Leave out the pictures and repeat exactly the lines from the one containing "1Roll Geometric Pattern" through the end of the records.

-- Opening Marker --

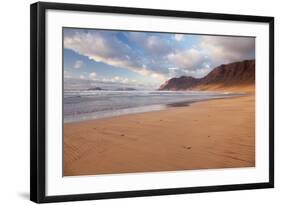 Famara Beach and Famara Mountains at Sunset, View to La Graciosa Island, Lanzarote-Markus Lange-Framed Photographic Print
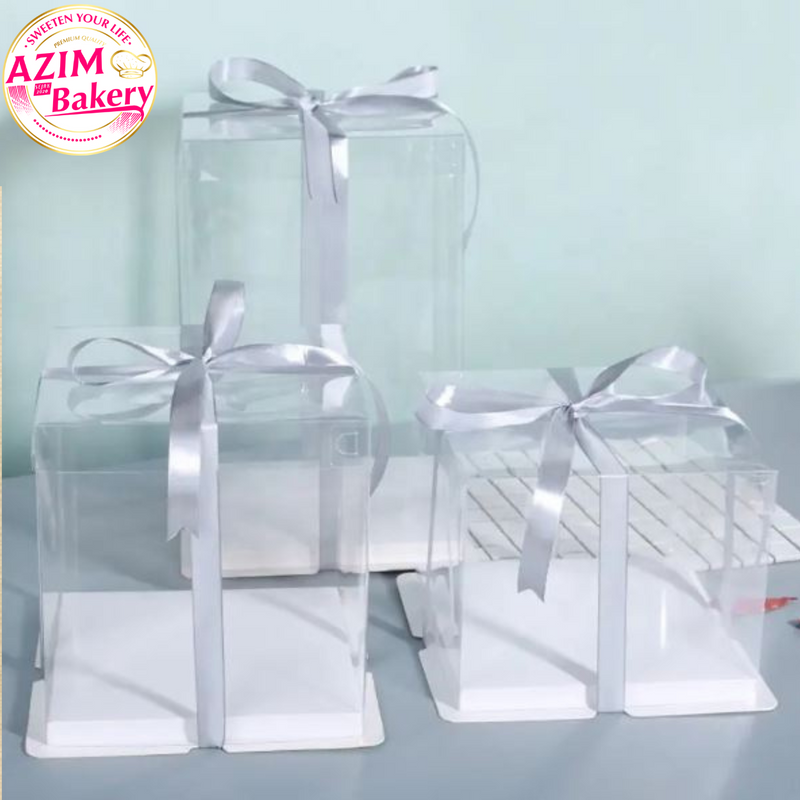 Transparent Birthday Cake Box (1pc) Tier 1/2/3 Wedding Tray Box | Kotak Hantaran | Gift Box | Kotak Kek by Azim Bakery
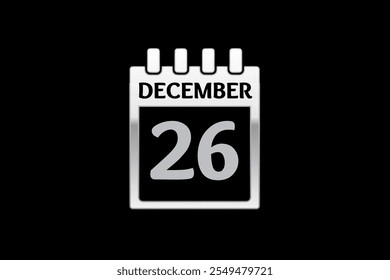 26 December calendar icon text page monthly web design on yellow, red, black, and white background vector, icon, or illustration with the month of December 26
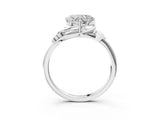 White gold Heart Cut Diamond Solitaire Ring with Twist Band and Four-Prong Setting_118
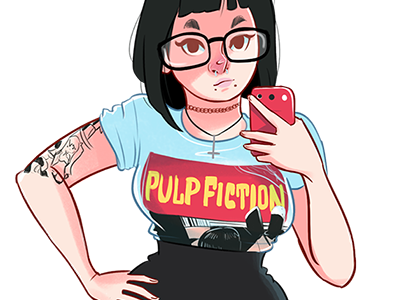 Selfie, pulp fiction girl illustration movie selfie tattoos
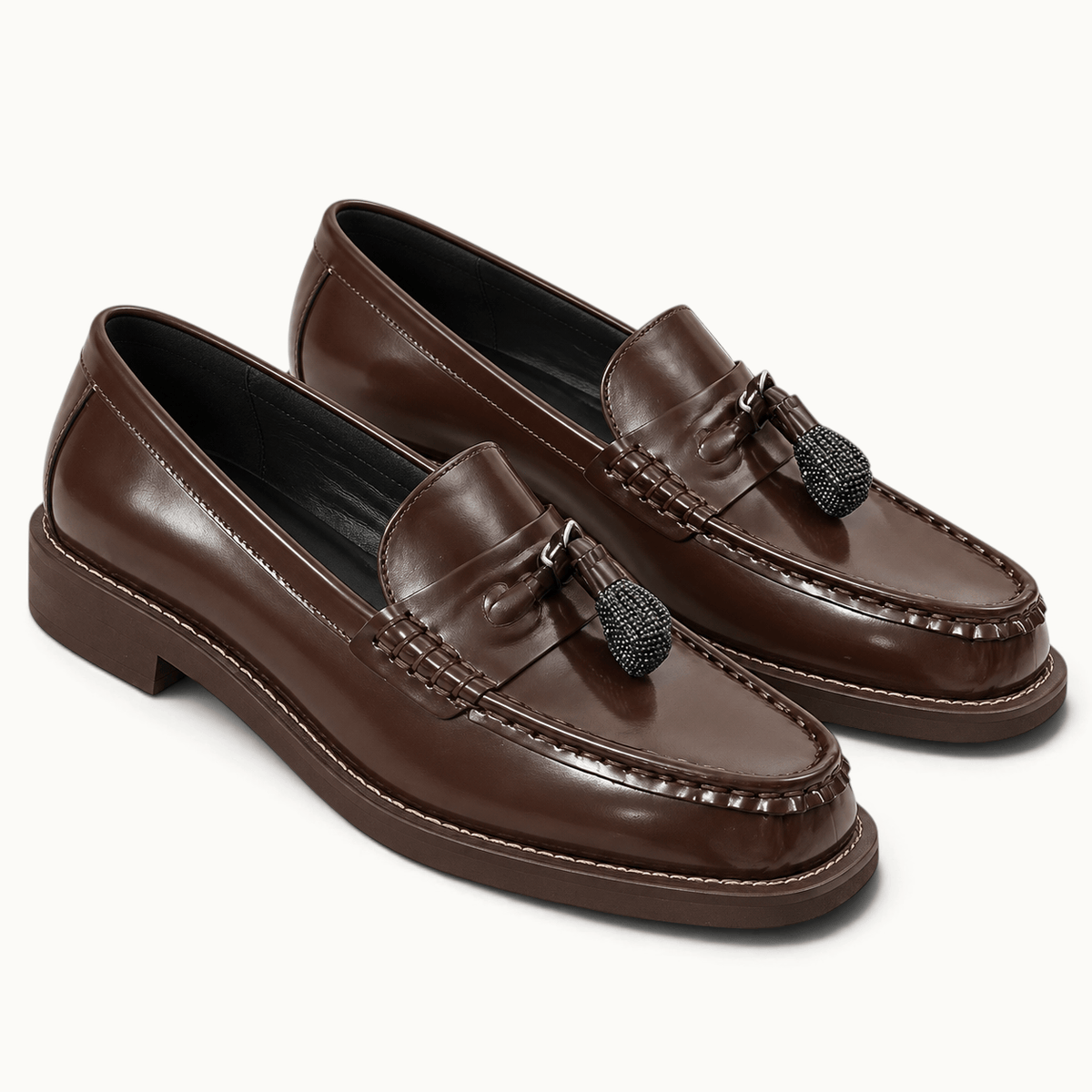 montelore-souliers Mocassins En Cuir À Gland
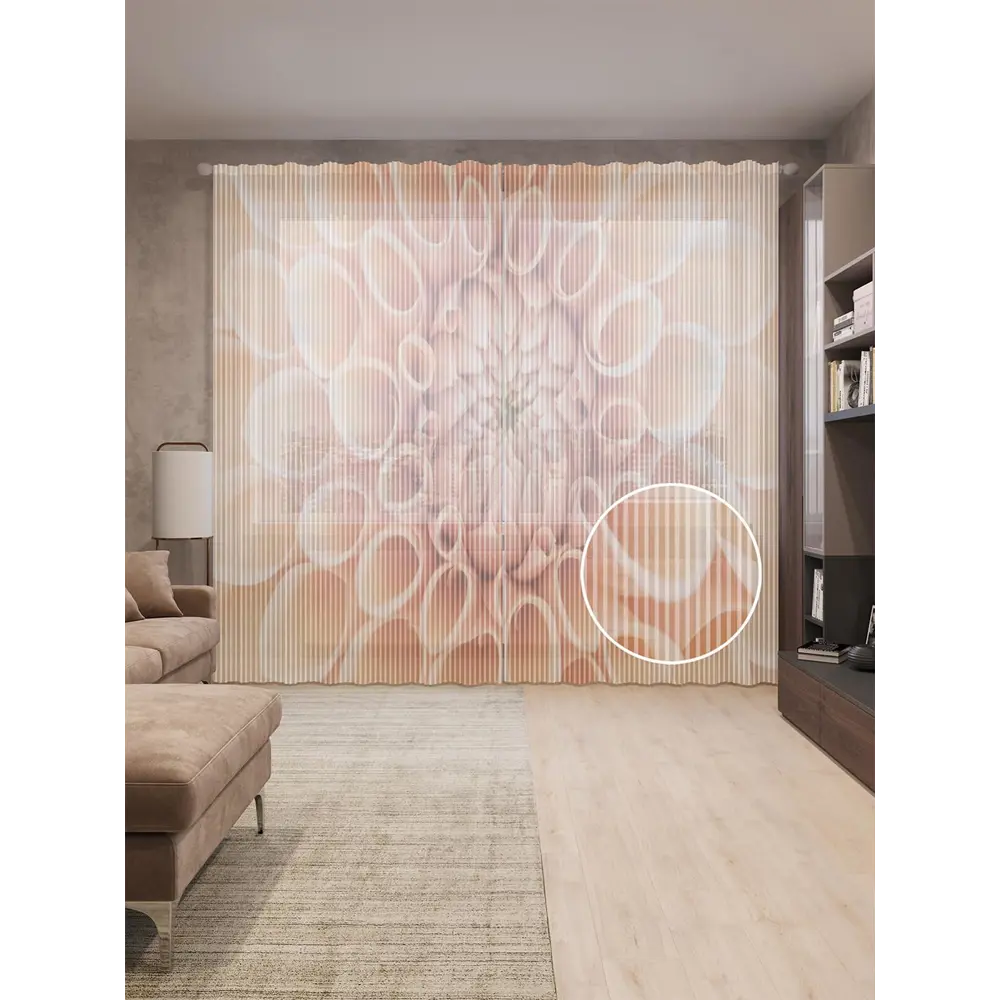 Фото Тюль на шторной ленте Нежный цветок 310х265 см рисунок растительный цвет оранжевый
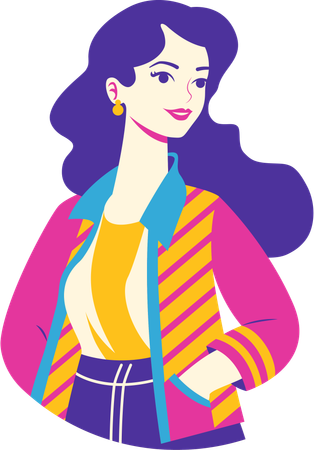 Stylish Girl Character Wearing Fashion Outfit in Retro Style  Illustration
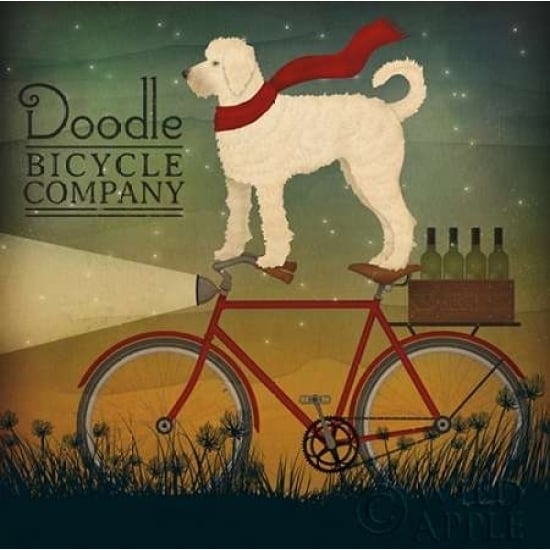 White Doodle on Bike Summer Poster Print by Ryan Fowler Image 1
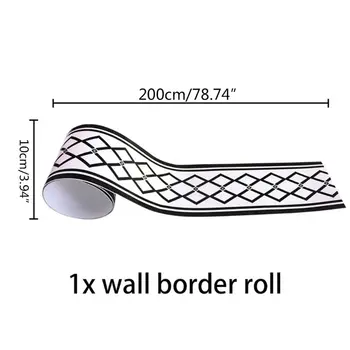 

1Roll Geometric Pattern Waist Lines Self-Adhesive Waterproof Wall Border Sticker Q9QF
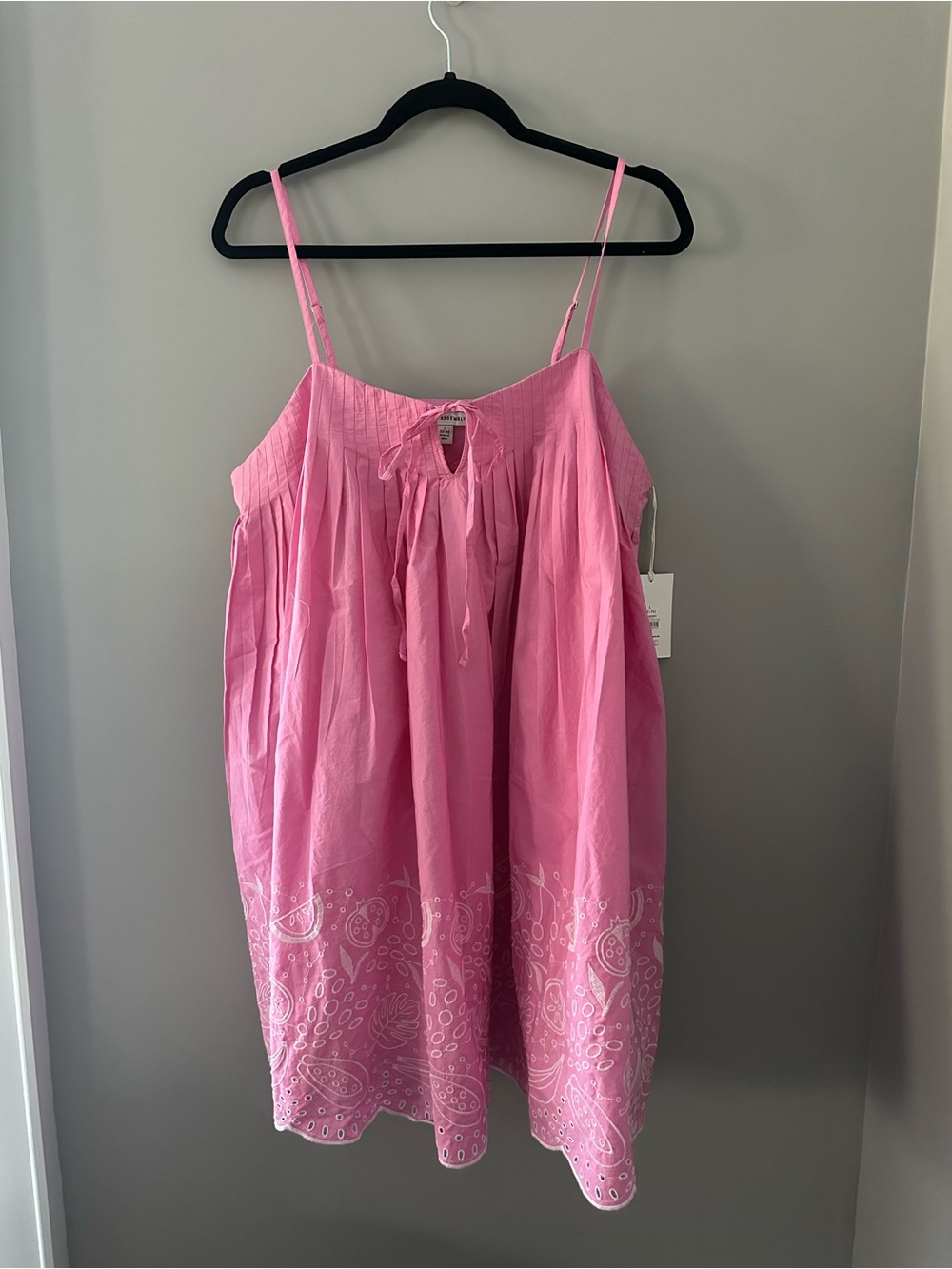 NWT 100% Cotton Free Assembly Spaghetti-Strap Mini Dress with Embroidered Hem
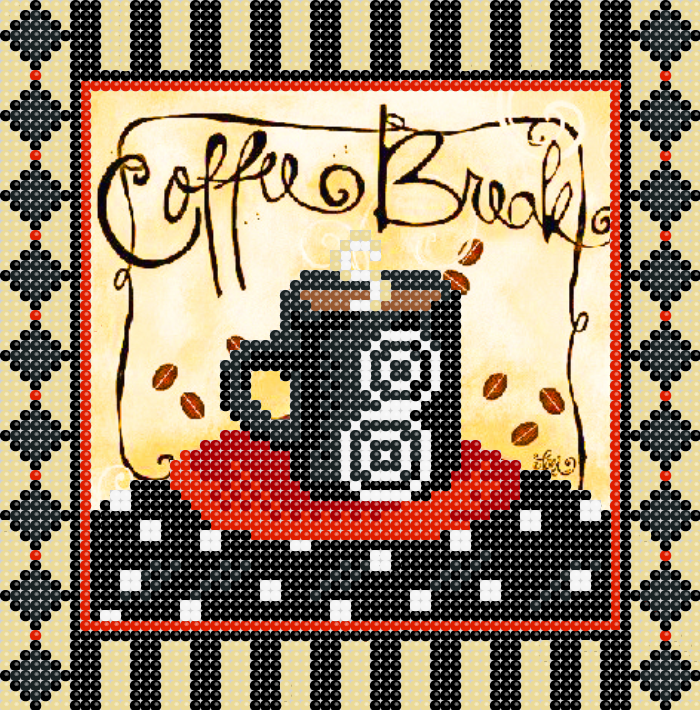 Схема вышивки бисером Перерыв на кофе (752974143)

-- Closing Marker --

» **Completed task**:
1Roll Geometric Pattern Waist Lines Self-Adhesive Waterproof Wall Border Sticker Q9QF
 NWT 100% Cotton Free Assembly Spaghetti-Strap Mini Dress with Embroidered Hem
 Схема вышивки бисером Перерыв на кофе (752974143)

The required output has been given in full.